I’m using EmrEtlRunner (Beanstalk/Clojure + S3 + EMR + Redshift) and I had an issue where EMR was running for 2 days (normally takes <20 mins) so I had to terminate it.
Once it was terminated, I ran “snowplow-runner-and-loader.sh” again but had to move files out of the S3 bucket (processing, shredded, enriched) because it throws an error that the folders aren’t empty which is fine.
Anyway, when I it all ran successfully again, I found I was missing a couple of days of data. How would I go about getting that back?
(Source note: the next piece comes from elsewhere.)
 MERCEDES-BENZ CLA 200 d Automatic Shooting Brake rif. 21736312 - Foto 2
I have all the files from processing, shredded and enriched and (I didn’t delete anything, just moved it).
Also, I run it 6 times per day - would running it for part of that day cause duplicating in the atomic.events table?
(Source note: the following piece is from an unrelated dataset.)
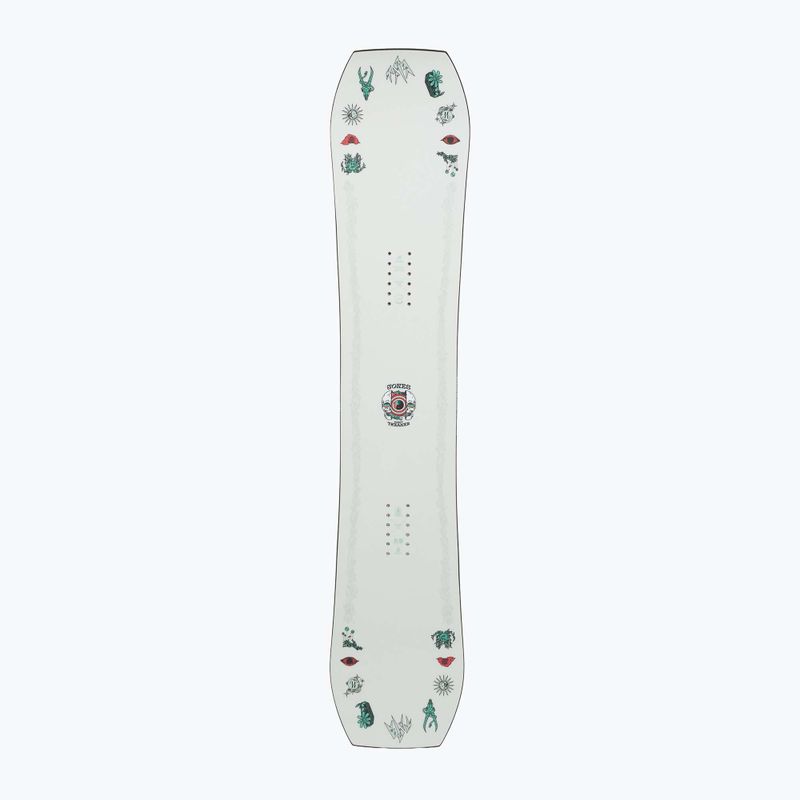Dámsky snowboard Jones Tweaker W white 2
Regarding the 6 times per day bit, I meant if I copied the raw files back into processing for a time period I had already imported for, would it cause double rows in Redshift for that time period.
Actually I just realised those dates are missing from the raw folder as well. They wouldn’t still be on the collector or anywhere else would they (it’s from a few days ago)? And if so, could you advise how I would pull them?
Currently yes, it would load duplicates into Redshift. This will change in the future when we have cross-batch dedupe for Redshift, but this is still a way off.
Afraid not - if staging ran, moved files from your collectors’ S3 bucket to staging, and then you deleted those files from staging, those events are irretrievably gone.